### WHAT TO PRODUCE
Below are the records to transcribe exactly; do not include any images.

(Stored data entries)
----

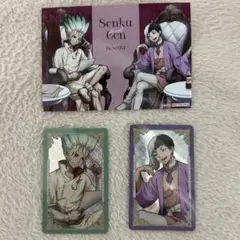Dr.STONE 対話　千空 あさぎりゲン カード　ブロマイド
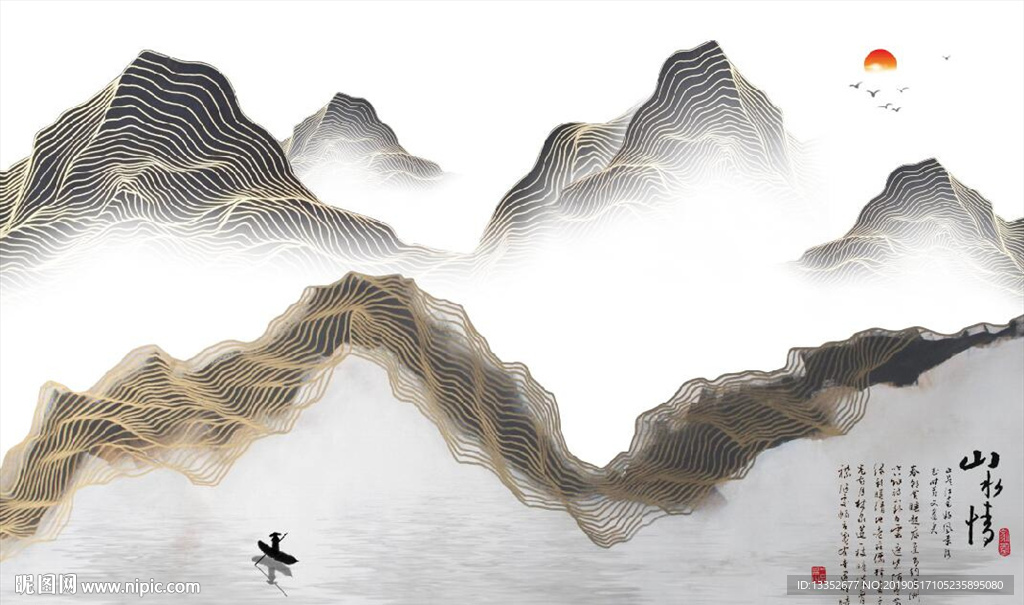 山水情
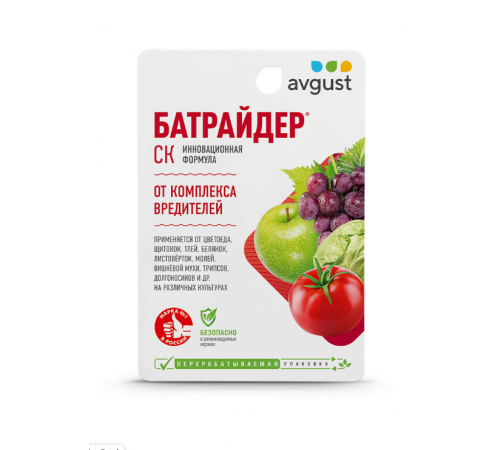 Батрайдер 10мл N80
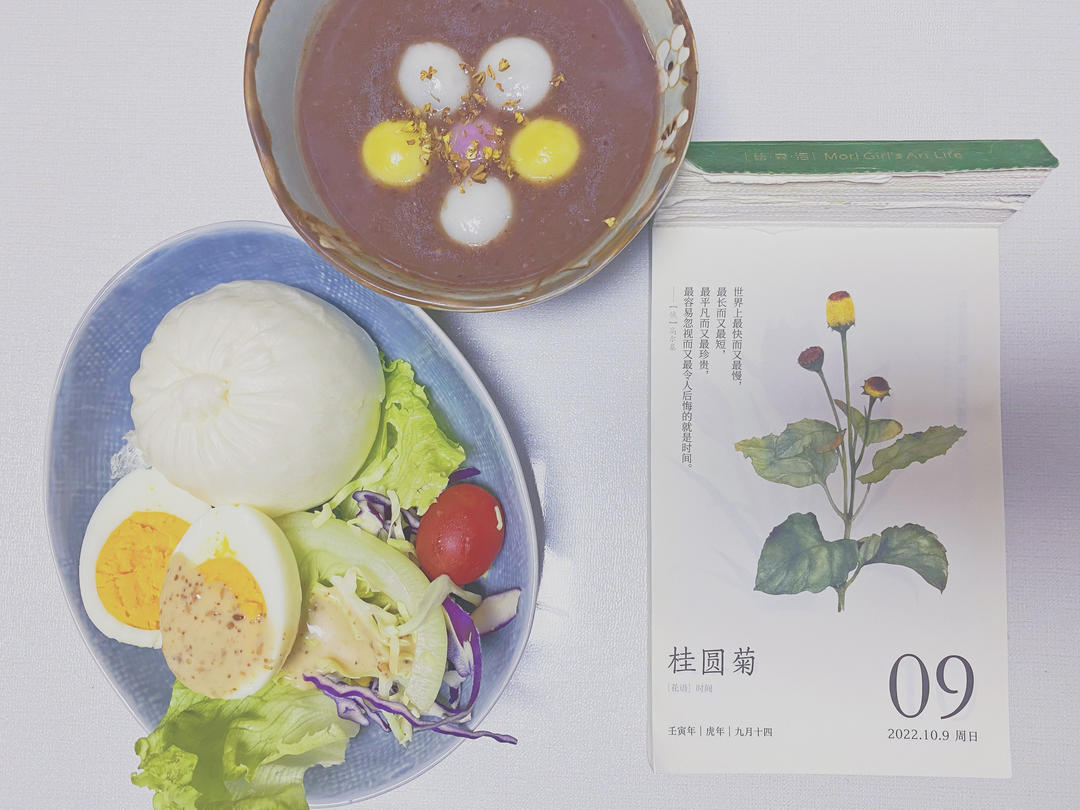 小崽崽的元气早餐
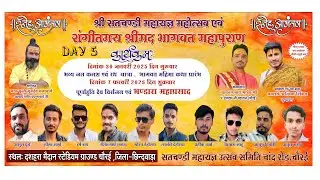 LIVE 5 DAY II SHRI MAD BHAGWAT MAHA PURAN -- SAT CHANDI MAHA YAG II PANDIT JI SHRI HEMPUSH MAHARAJ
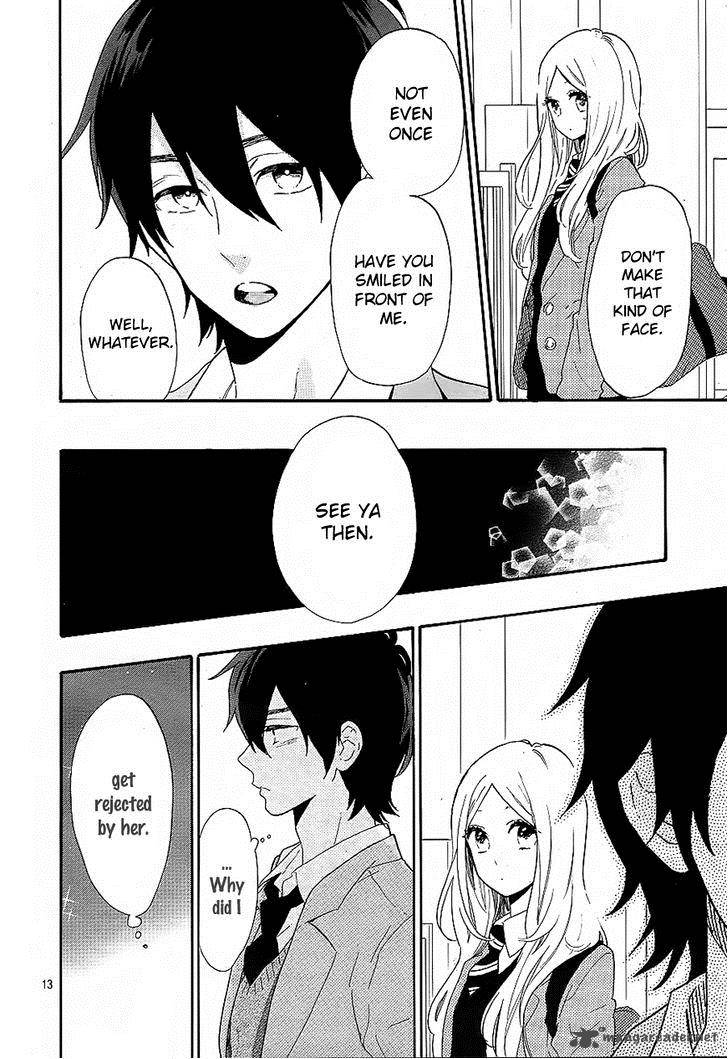 Hibi Chouchou 66 12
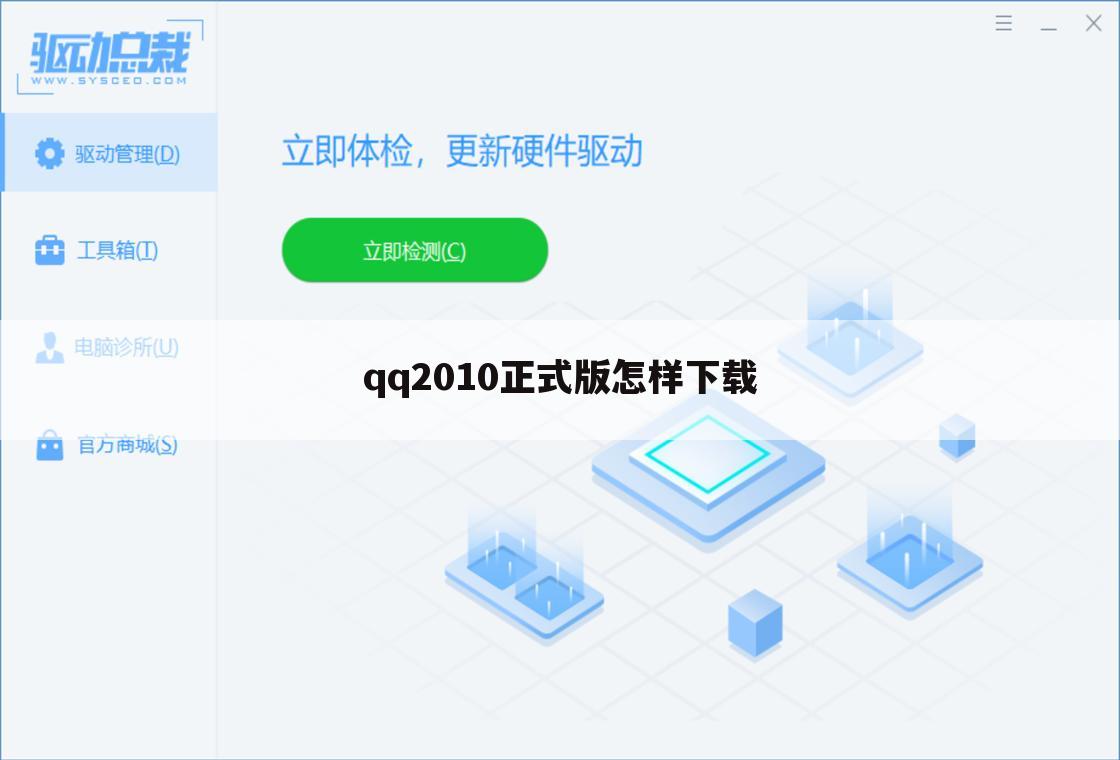 qq2010正式版怎样下载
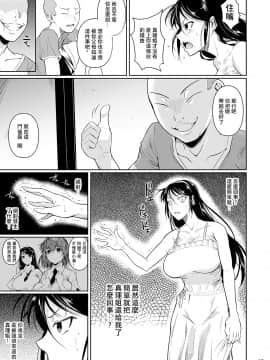 [シュート・ザ・ムーン (フエタキシ)] 冬虫夏草 1 ~ 7 [中国翻訳]_156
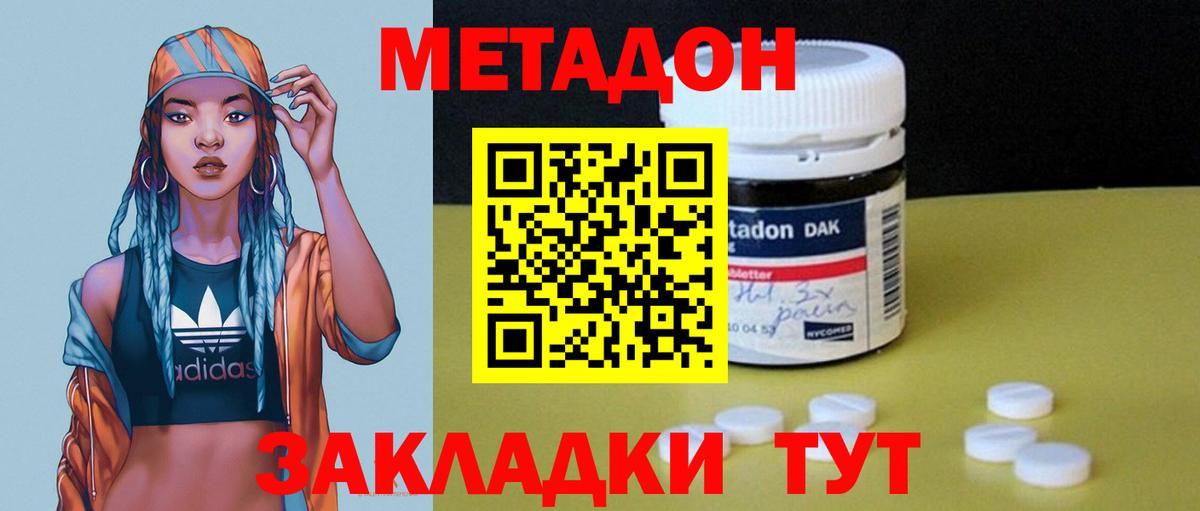 МЕТАДОН белоснежный Котельники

----

### EXPECTED ANSWER
Dr.STONE 対話　千空 あさぎりゲン カード　ブロマイド
 山水情
 Батрайдер 10мл N80
 小崽崽的元气早餐
 LIVE 5 DAY II SHRI MAD BHAGWAT MAHA PURAN -- SAT CHANDI MAHA YAG II PANDIT JI SHRI HEMPUSH MAHARAJ
 Hibi Chouchou 66 12
 qq2010正式版怎样下载
 [シュート・ザ・ムーン (フエタキシ)] 冬虫夏草 1 ~ 7 [中国翻訳]_156
 МЕТАДОН белоснежный Котельники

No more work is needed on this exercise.